I just bought a take-off one of these to try out on my Commencal Meta TR, we'll see how it works out for me. I'm cautiously optimistic.


----------



## tyreed70 (Jan 7, 2010)

MTB_Underdog said:


> Weird, i emailed Ohlins and Fox about a shock for my Stumpy. Ohlins didn't respond, Fox sent me the following reply:
> 
> "Our new float X sounds like it would be up to the task. There are a couple of different sized shocks for the 2021 stumpjumper the 190 X 45 and the 210 X 50 as well as 210 X 55. Your local shop can help you determine the size and place the order for the shock."

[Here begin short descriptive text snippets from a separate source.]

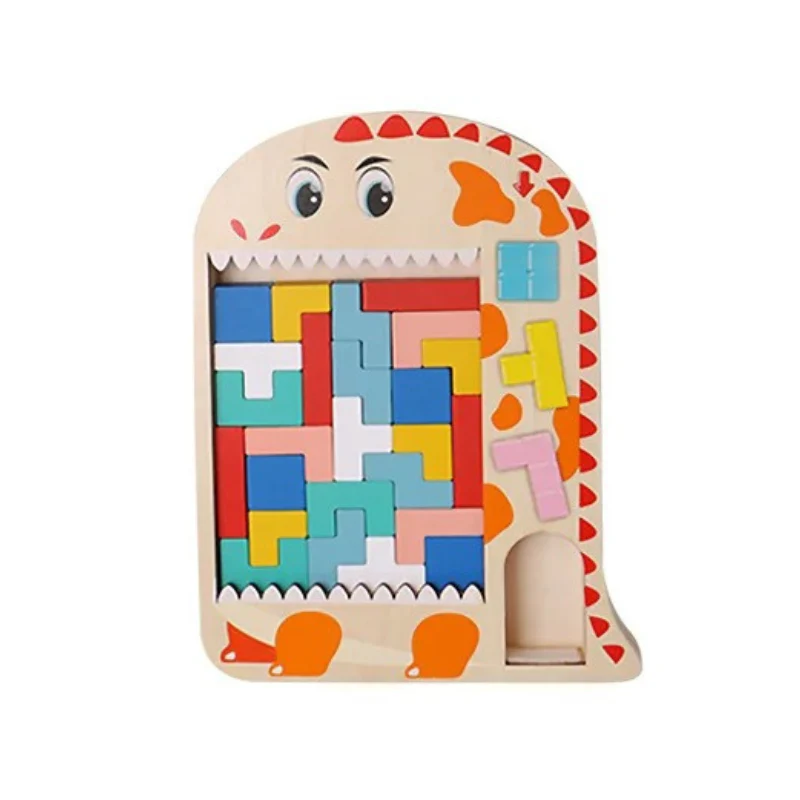 PuzzlePlay - Image 3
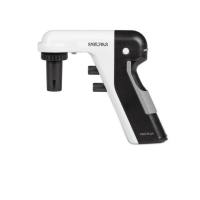 Midi Plus移液控制器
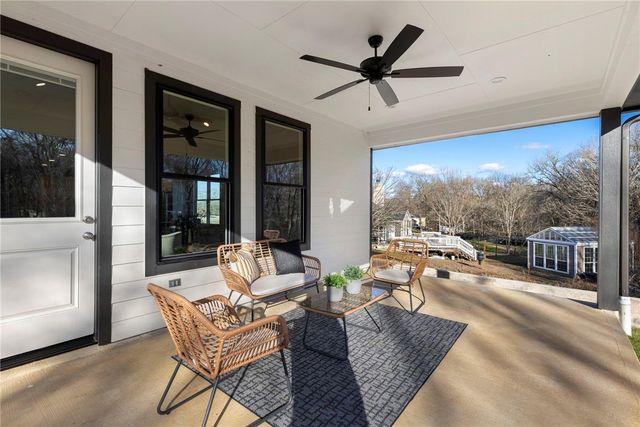3223 Tamy Lane, Brenham, TX 77833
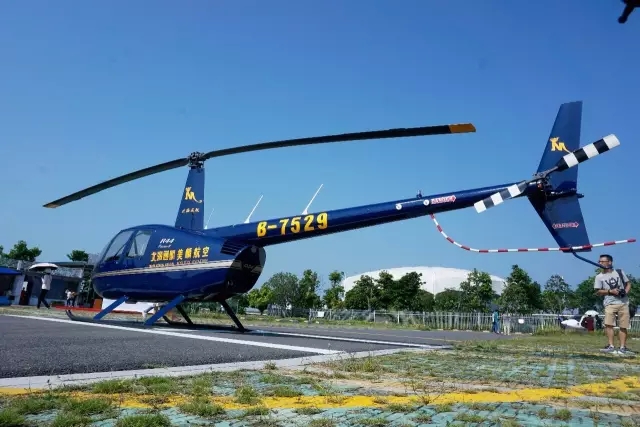 �V����������������������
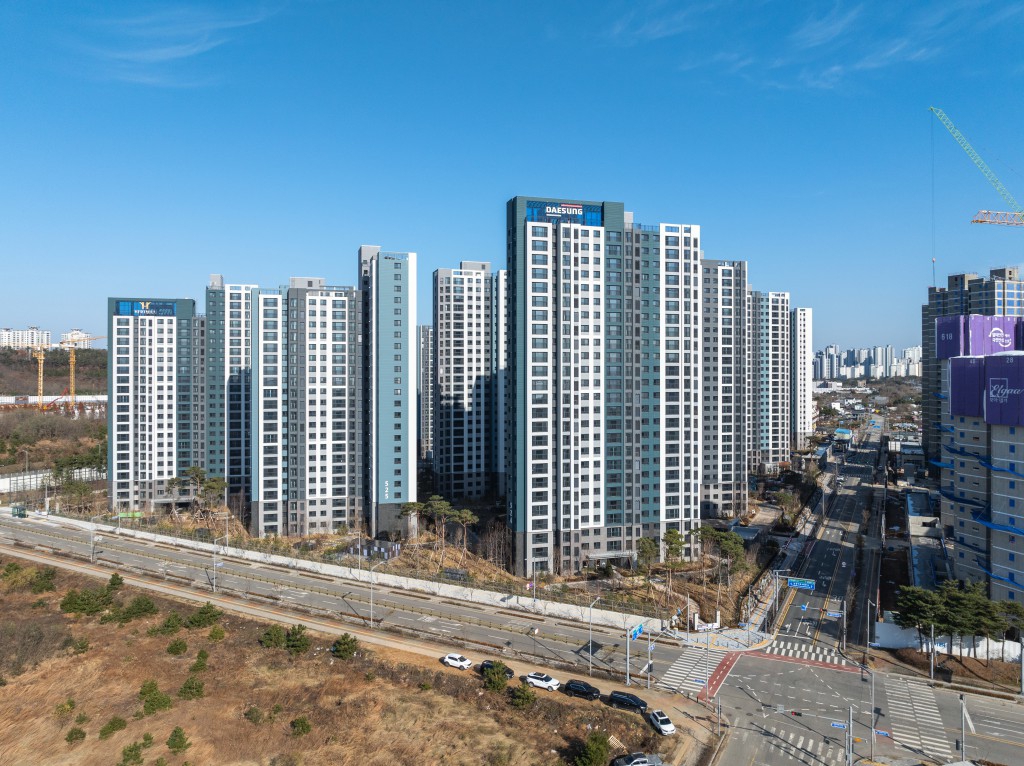 외부전경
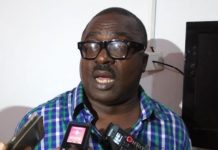 APC chieftain to South-South leaders: don’t attend Obaseki’s meeting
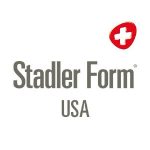 Stadler Form USA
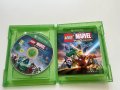 Lego Marvel Super Heroes за Xbox one, снимка 3
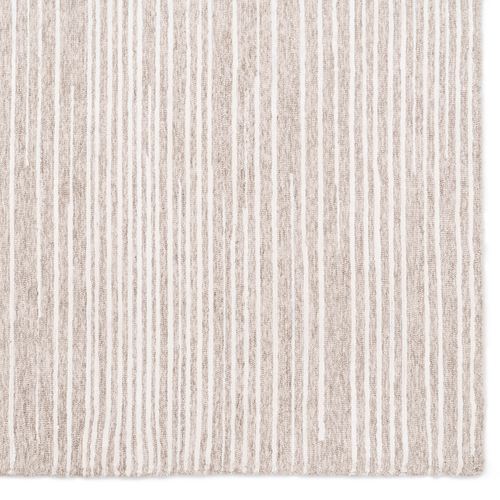 DX39-001_2.jpg Thumbnail Image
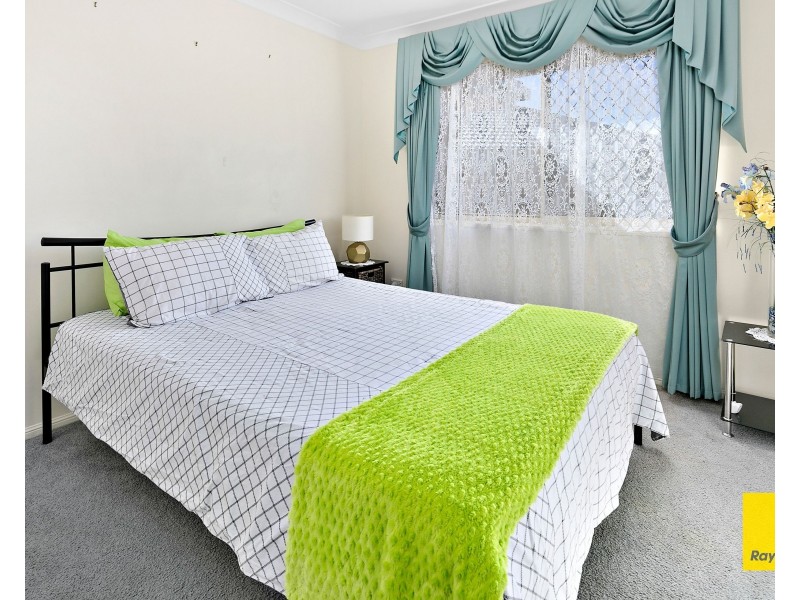 8 Flores Close, Tingalpa QLD 4173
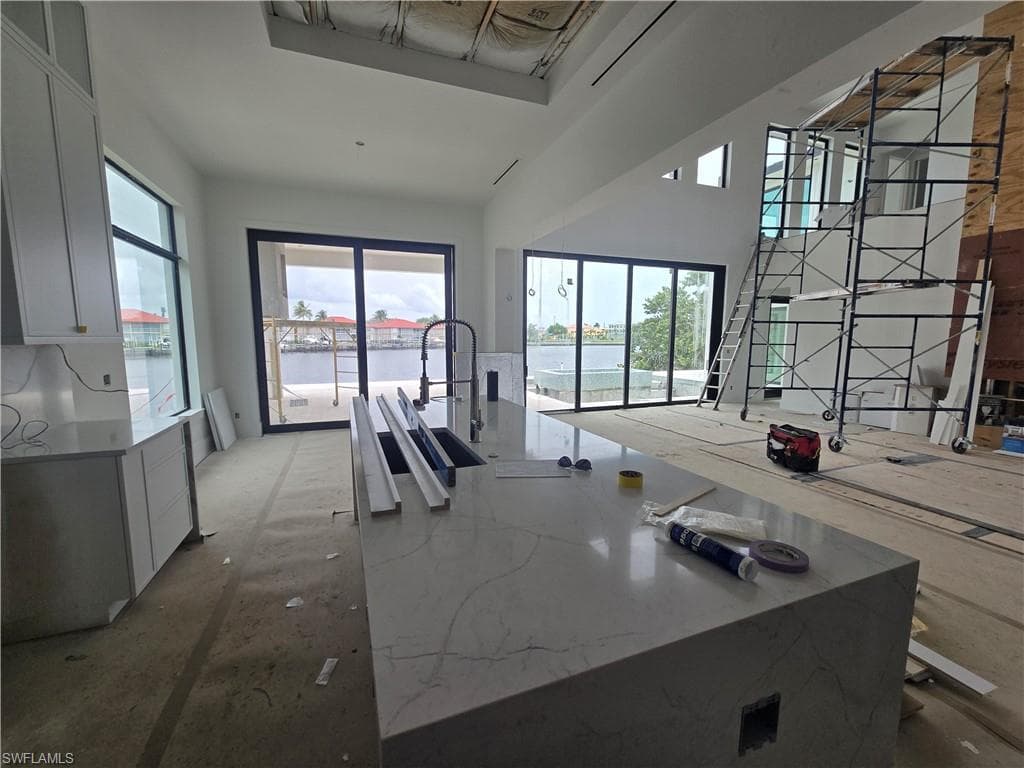 109 Seas Ct, Marco Island, FL 34145-13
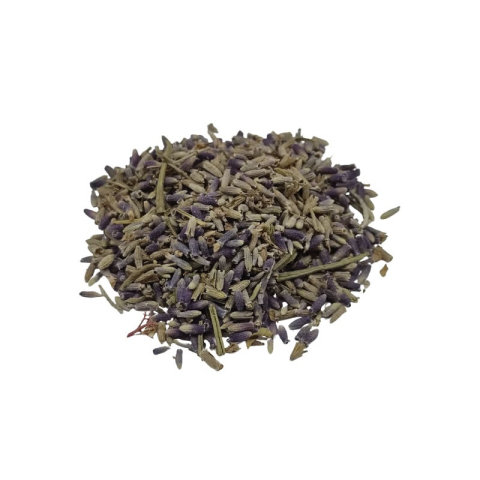 Cadouri Jucării Copii Grădiniță - Foliage Lavanda, punga 20g, Colorarte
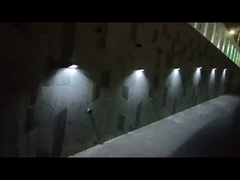 태양 정원 울짱 빛 KF07A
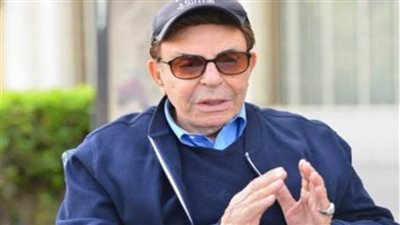 سمير صبري يكشف أسرار عن زوجته الإنجليزية وعلاقة العندليب بالسندريلا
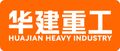 Huajian Heavy Industry Co., Ltd.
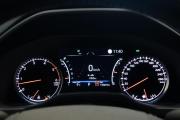 Toyota Land Cruiser 300 Series Москва  - изображение 50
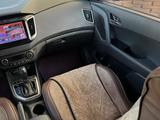 Hyundai Creta 2020 года за 9 200 000 тг. в Актобе – фото 4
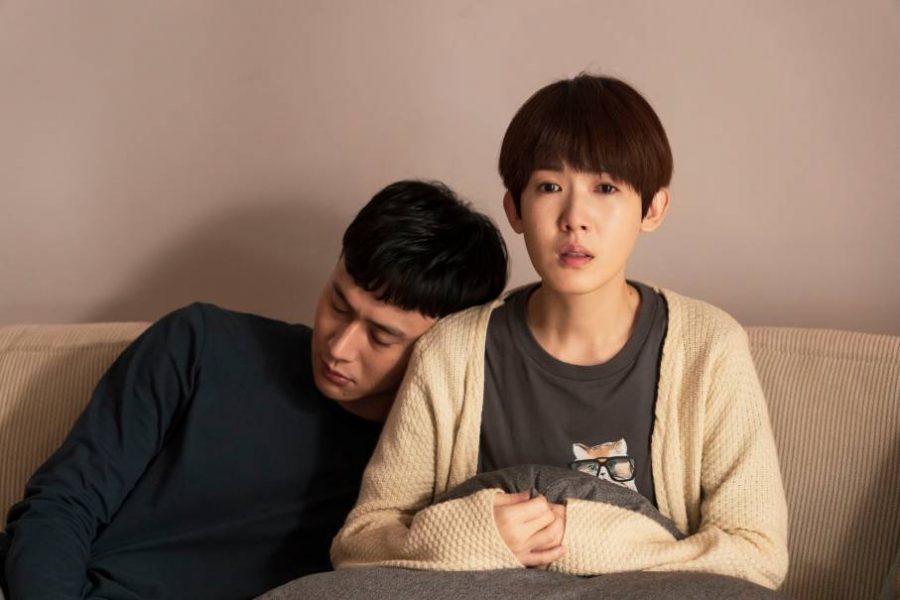 你的婚姻不是你的婚姻 沙之書 恭請光臨曾賈府喜事 聖筊 梅莉 尾號1314 劉冠廷 孫可芳 藍葦華 李杏 簡嫚書 李淳 夏于喬 施名帥 林予晞 温貞菱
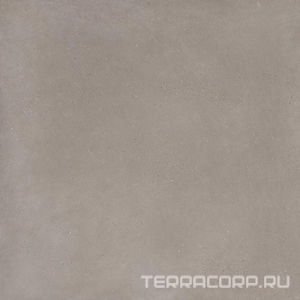 Керамогранит Imola BLOX 6 120AG RM  (п.п.) 120x120 Серый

The person at Fox I spoke to on the the phone said that he only had a list of OEM Fitments, so he did not know if it would work and sent me the measurements. I will just wait on mine and give it a try when it arrives.


----------



## chafingdish (Aug 2, 2017)

My local shop is a specialized dealer and got in a few float x’s for all the stumpy riders in town who might want to upgrade. I’m assuming there’s no fit issue. I’m strongly consi the upgrade.
Regarding the ”different sized shocks for the Stumpjumper“ as quoted by Fox, are they saying all three of those sizes would fit? Or am I misunderstanding? I’m curious because it appears the 190x45, which is the stock SJ size, is only available in factory, while I think you can get the performance elite in the other sizes.


----------



## Pipeliner (Oct 30, 2018)

Brules said:


> Anyone get any ride time yet on their Float X?


I’ve got a Float X on a Ripmo V2. I am not running a volume spacer as yet. I weigh 250-255 with gear and had to pressure the shock to 260 to get a little under 30% sag. I’m close to the recommended rebound settings as well. I ride mostly in the Fruita/GJ area and don’t shy away from drops and small jumps but also am not out looking to break anything… the bike or me. Mostly riding chunky and steep trails.
The Float X was recommended by a suspension guru and so far so good. Performs really well pedaling and climbing, lockout works good but isn’t rock solid like I’ve seen others post. The progression is really dialed, don’t feel it bottom ever but I am using almost all of the travel in the bigger (modest) drops I’ve ridden so I really have no plan to add volume spacers.
The frame came with a Float X2 that I had to run at max pressure and from what I’m told, they won’t last long at all that way. The Float X is 90 lbs below max right now and working great. I also have a JadeX coil with a 650lb spring that I have used, which is an awesome shock but not exactly pedal-friendly.


----------



## masonmoa (Jul 11, 2011)

I threw one on my Mojo 4, but only have 2 rides on it so far. It's WAY better than the RS Super Deluxe that it replaced. Feels pretty buttery and for an out of the box shock without a tune, it's pretty good. Truth be told, it's the first Fox suspension product I've bought in the last decade that I actually like. Plan on throwing one on my bigger travel 29er. 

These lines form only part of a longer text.